H-D FL 1964
MOTORI GARAGE
むず痒いほどの
御礼ペイシェンス
カスタムのジャンルでいえば、ボバーともいえるしチョッパースタイルともいえる。どちらにしても、ほんのり肩の力が抜けたやわらかな風体は、正しく『モトリガレージ』のそれである。
ふんふんと鼻息荒く工具を握ることはないから、その辺がおのずと手掛けるバイクにも伝染する。マイペースというのか自分の時間軸というのか、外野に侵されることのない世界観のなかで淡々と作業がとり行なわれている。加えてそのどのカスタムもツボを押さえていて、見るほどに全身に心地いい。
店主鳥居さんの愛車である。ベースは1980年式のFLH。そこに今のパンヘッドモーターを搭載したのは、約8年ほど前のこと。そもそも、知り合いから良い出物が入ったという連絡を受けたのが15年前の話で、その当時はフルオリジナルのFLHだった。
「ネジ1本から全部フルオリジナル。本当にフルドレスの『ザ・宮城県ハーレー会』みたいなバイクだったんです。でもいかんせん大きいんで、ちょこちょことカスタムしていくようになったんですよね」
氏が長らく乗り続けているこのバイクは、大きなカタチの変更もなく現在に至っている。足周りこそ2転3転のパーツチェンジはあったものの、「もしパンヘッドにFXモデルがあったらこんな感じかな」、という基本コンセプトは微動だにしていない。

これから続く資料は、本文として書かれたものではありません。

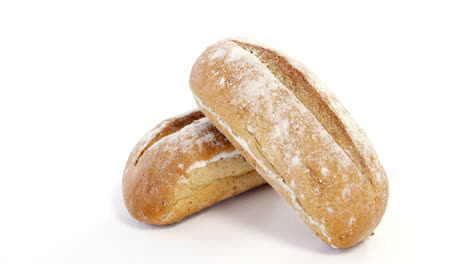 Zwei-Brotlaibe-Auf-Weißem-Hintergrund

さて、ではカスタムポイントである。一見あくせくしなさ過ぎてスルーしがちな外装だが、実際のところはそれなりに手が入れられているものだからややこしい。
FLHに載せ替えたパンヘッドモーターに始まり、デュオフレームの後端を取り付けたシート周辺のフレームワークや41φのナローフォーク、FLH純正をそのまま残したテールライト周りなど、アンバランスをバランスさせたコペルニクス的全体像が、これまた緑豊かな景色とよく馴染んでいる。

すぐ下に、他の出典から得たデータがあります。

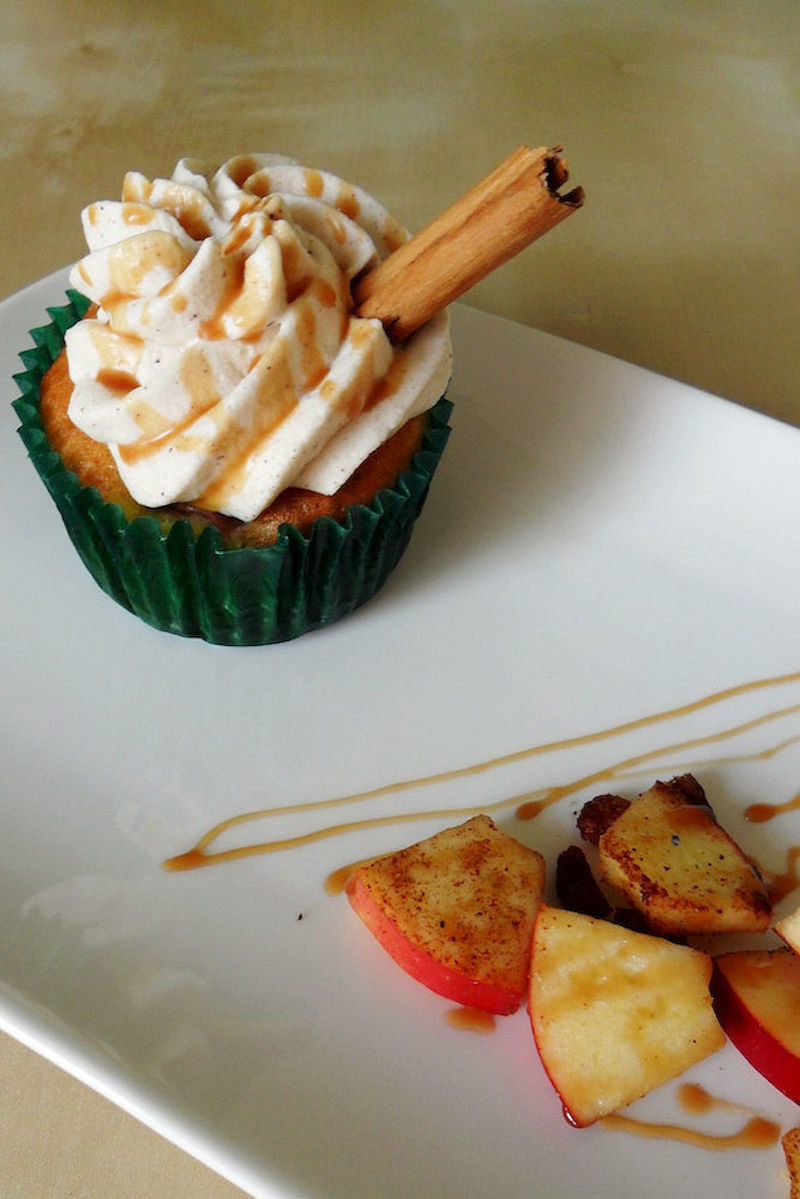 Bratapfel-Cupcakes mit Zimtsahne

その車体のしっとりしたカラーリングもさることながら、やはり楚々としたスタイリングがその据わりの良さの源泉だろう。
「これが僕の好きなスタイルかって聞かれれば、はいそうですと。なんかオートバイっぽいというか、こういうやつが好きですね。僕もともとチョッパー顔ではないんで(笑)」
見た目は控えめながらグルメが見ればおもわずニンマリ。そして言わずと知れて、走りは絶好調。実にモトリガレージ店主の愛車らしい佇まいのバイクだ。
ひとたびスロットルをあおれば、牧歌的なエキゾーストノートがまた、むず痒いほどに五感の芯の部分に響いてくる。

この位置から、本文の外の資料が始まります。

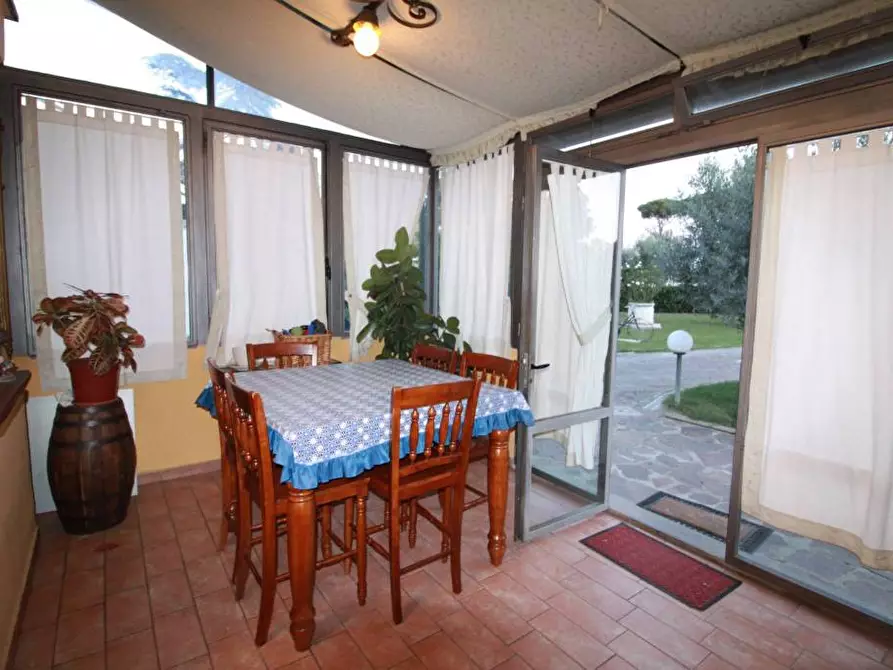 Immagine 2 di Villa in vendita  a Pontedera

HARLEY-DAVIDSON FL 1964 DETAIL WORK
FRONT FORK
フォークは41φナロータイプを装着。三つ又は大神戸共栄圏製となる。ライザー&ハンドルは’71-‘72のFX用。
GAS TANK
長く愛用するタンクはハンドシフトのパンヘッド用を選択。ブルーカラーにアシンメトリーのピンラインが入る。
ENGINE
元々はフルオリジナルのショベルヘッドのFLHだったが、知り合いから譲り受けたパンヘッドモーターに換装。
SEAT
一部をデュオフレームに換装した骨格に合わせてワンオフしたコブラシート。ぷりっとした肉厚が絶妙である。
MUFFLER
エキゾーストはV-TWIN製レプリカで、サイレンサーにシューペリアをセット。ホイールは16インチHリム。
REAR END
リアフェンダーは’72FX用を。テールライト&ウインカーはボリューミーなFLH純正を敢えてそのまま採用。